TASK PROMPT: The material below has pictures in it. Set down only the lines from the line containing "5 Late 18th" through the line containing "Modern 3 Light", word for word, and leave the pictures behind.

INPUT RECORDS:
####

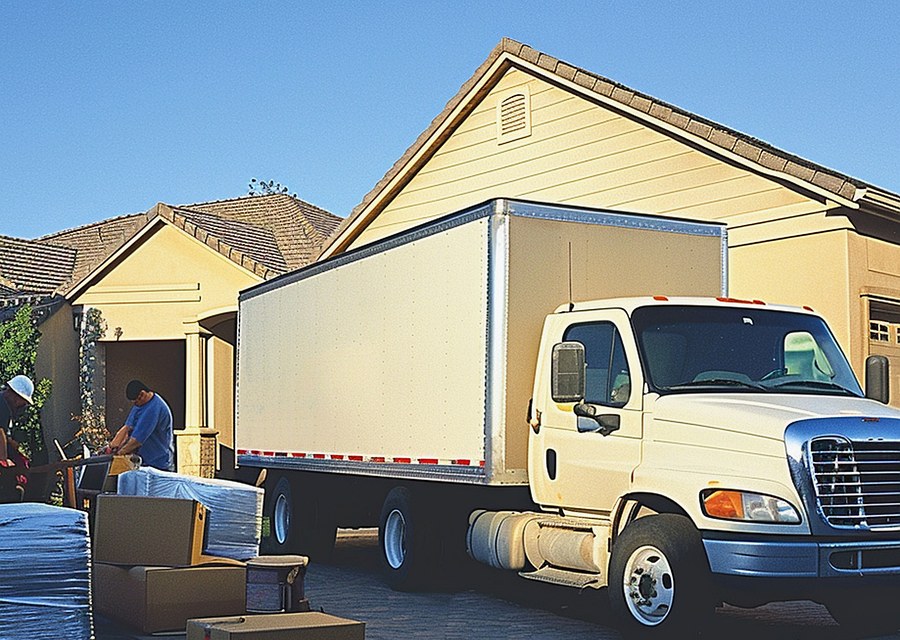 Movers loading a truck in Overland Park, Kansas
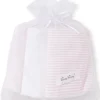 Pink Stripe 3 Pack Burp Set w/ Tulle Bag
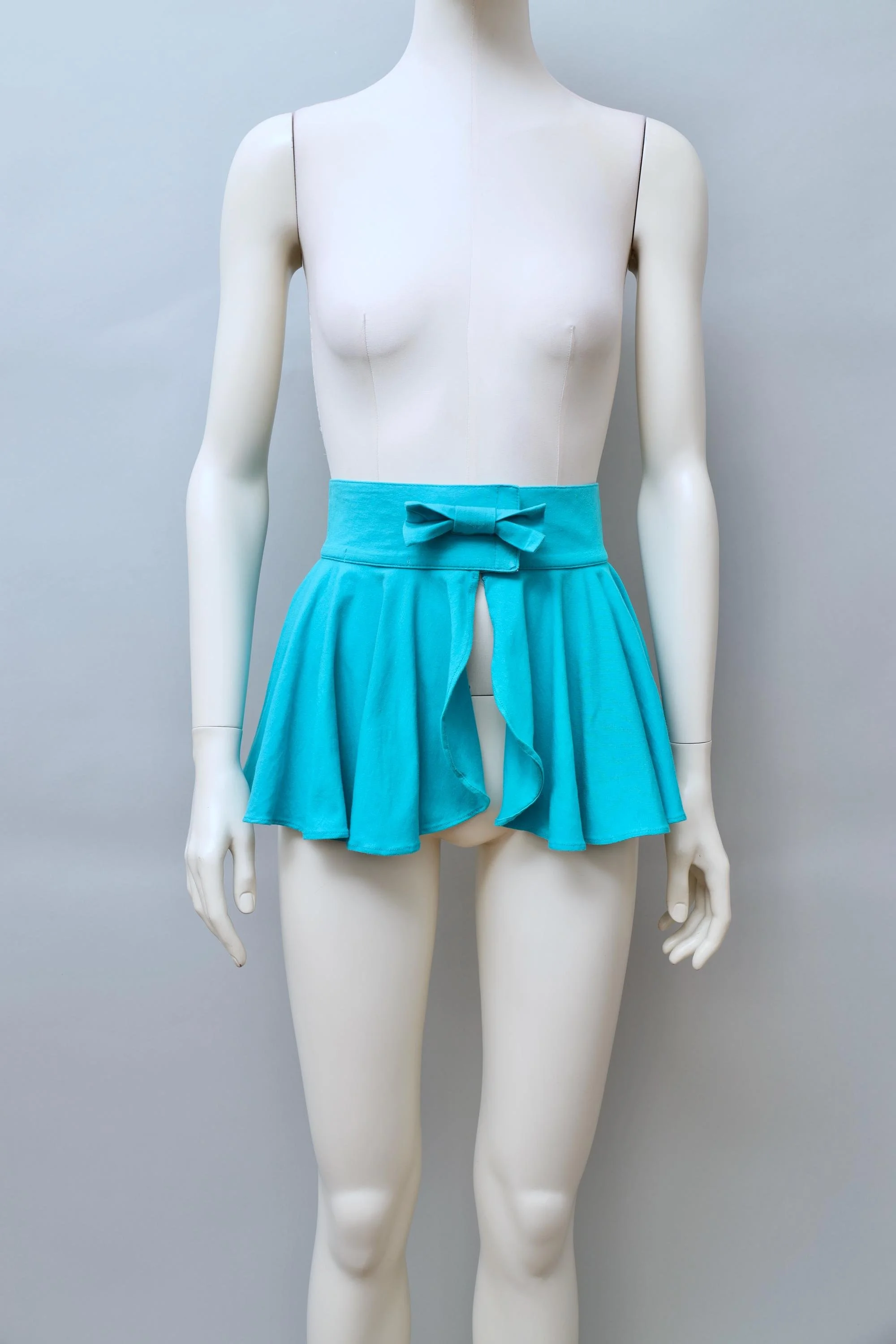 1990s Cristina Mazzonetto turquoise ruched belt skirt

####

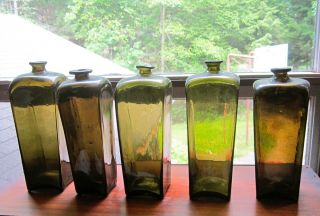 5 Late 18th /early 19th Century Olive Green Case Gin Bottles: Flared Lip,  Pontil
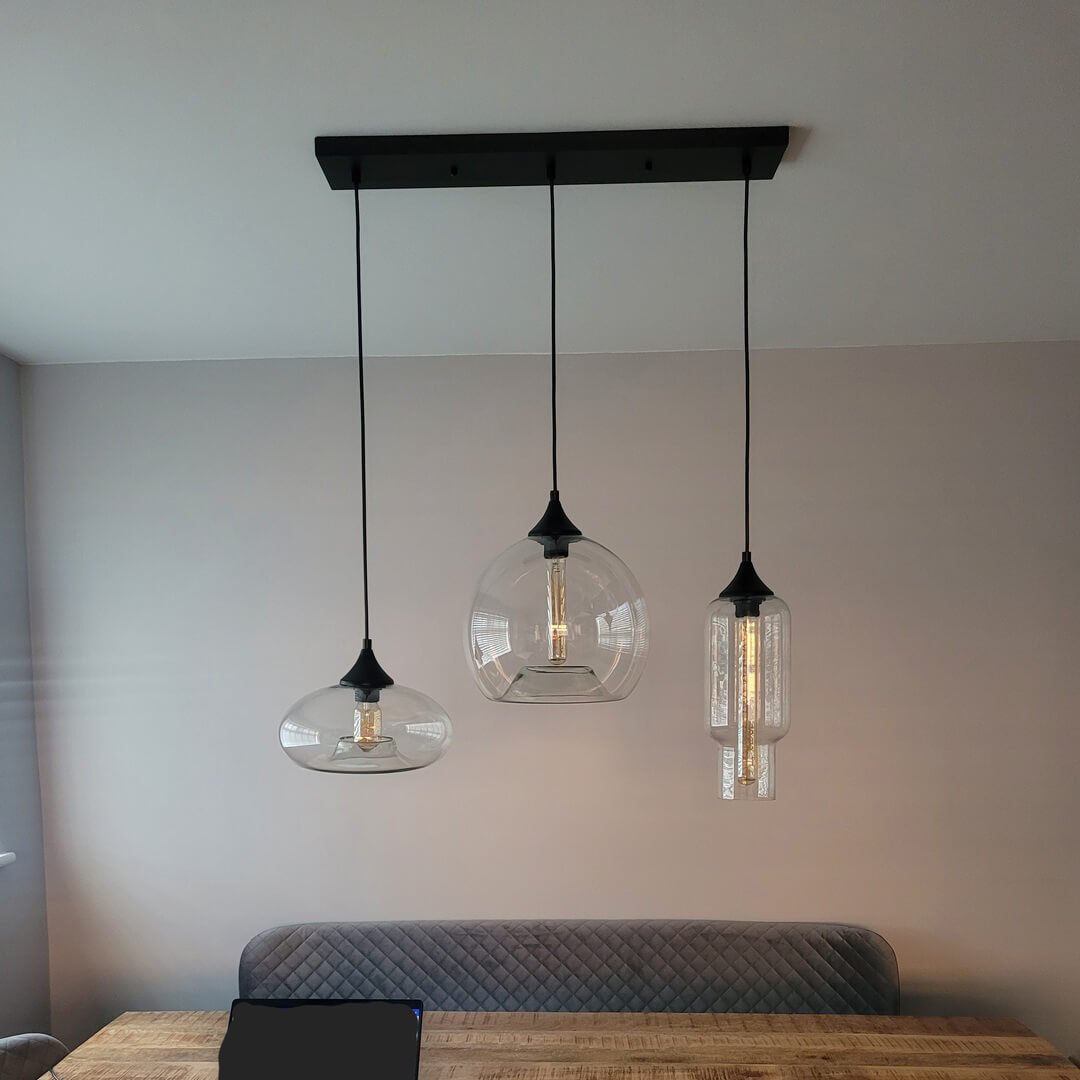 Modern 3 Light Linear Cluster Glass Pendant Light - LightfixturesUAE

####

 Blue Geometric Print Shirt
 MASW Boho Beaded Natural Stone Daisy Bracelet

####

ANSWER BOX:
 5 Late 18th /early 19th Century Olive Green Case Gin Bottles: Flared Lip,  Pontil
 Modern 3 Light Linear Cluster Glass Pendant Light - LightfixturesUAE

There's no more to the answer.